While it appears that the positive reactions to this album will certainly trounce the negative, it has been somewhat astonishing to read some of the criticism surrounding Black Sabbath's 13. Truth be told, despite dipping into the well that brought them fame and fortune, this is a very progressive album and it requires an attentive listener to fully comprehend everything that it is about. Many of these songs are harmonically diverse with complex arrangements, tempo shifts, and utterly fascinating developments with twists and turns that somehow never cross into the "pretentious." Instead, the process strikes as organic and most of these tracks attain a very impressive and natural "flow" to the ideas at hand. True Sabbath fans will recognize this approach all too well and find the greatest joys in hearing a band with this level of musicianship back in action. Casual fans or the uninitiated may need quite a few listens to understand all that is contained within these compositions.
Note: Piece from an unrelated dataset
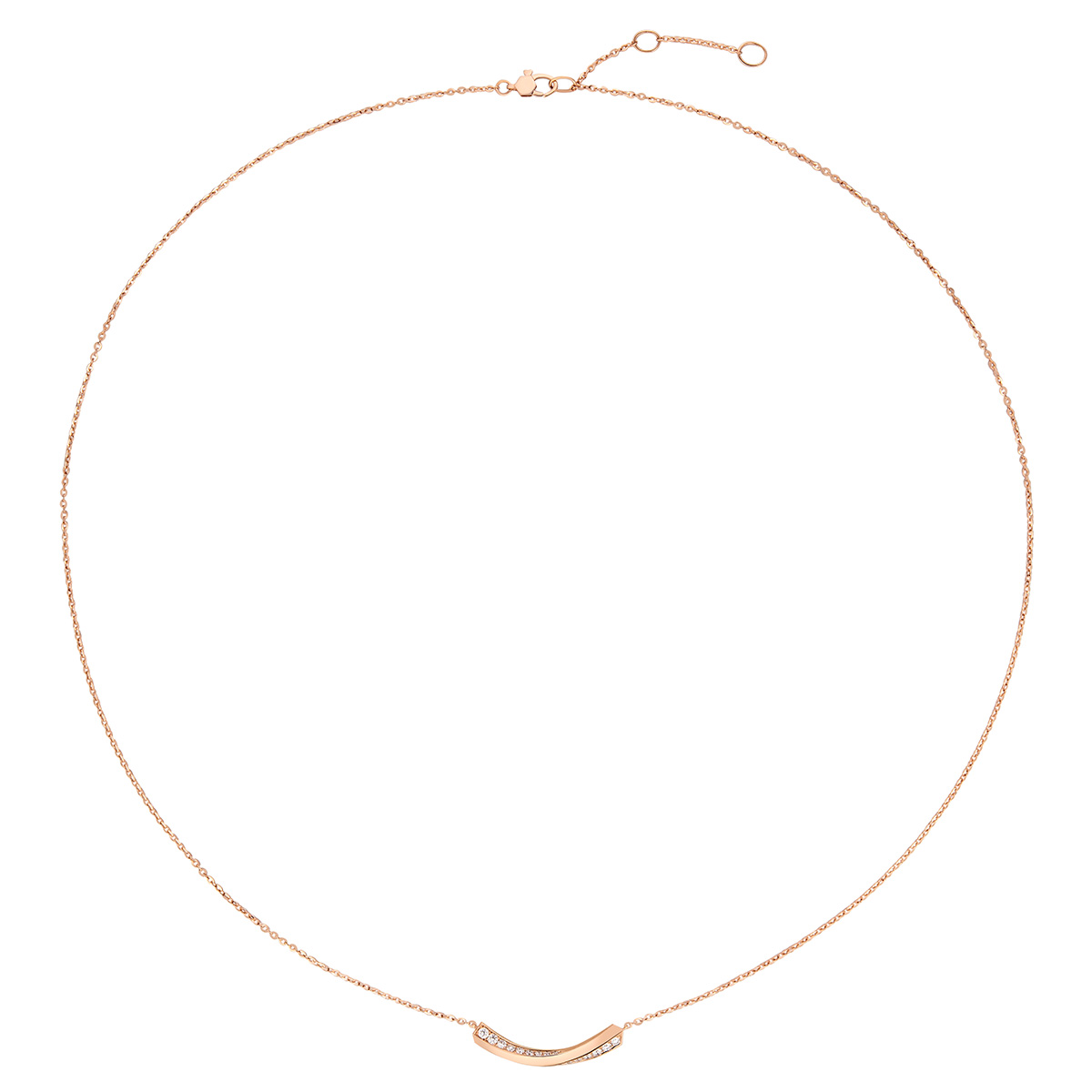 六福珠寶18K金頸鏈 - "線條美"18K玫瑰金鑽石頸鏈(斜面微鑲工藝)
How many times have you heard comments that the opening track sounds like the title track of their debut album all those years ago? And yet, that only tells a minor part of the story. "The End Of The Beginning" is epic Sabbath and a sound that only Sabbath can stretch toward and attain. It opens more like "Under The Sun," then finds its way into the "Black Sabbath" comparisons when the riff softens to that familiar feel, but it then drifts into a riff that would have been comfortable on Master Of Reality until somehow finding Sabotage and finally landing in Technical Ecstasy territory.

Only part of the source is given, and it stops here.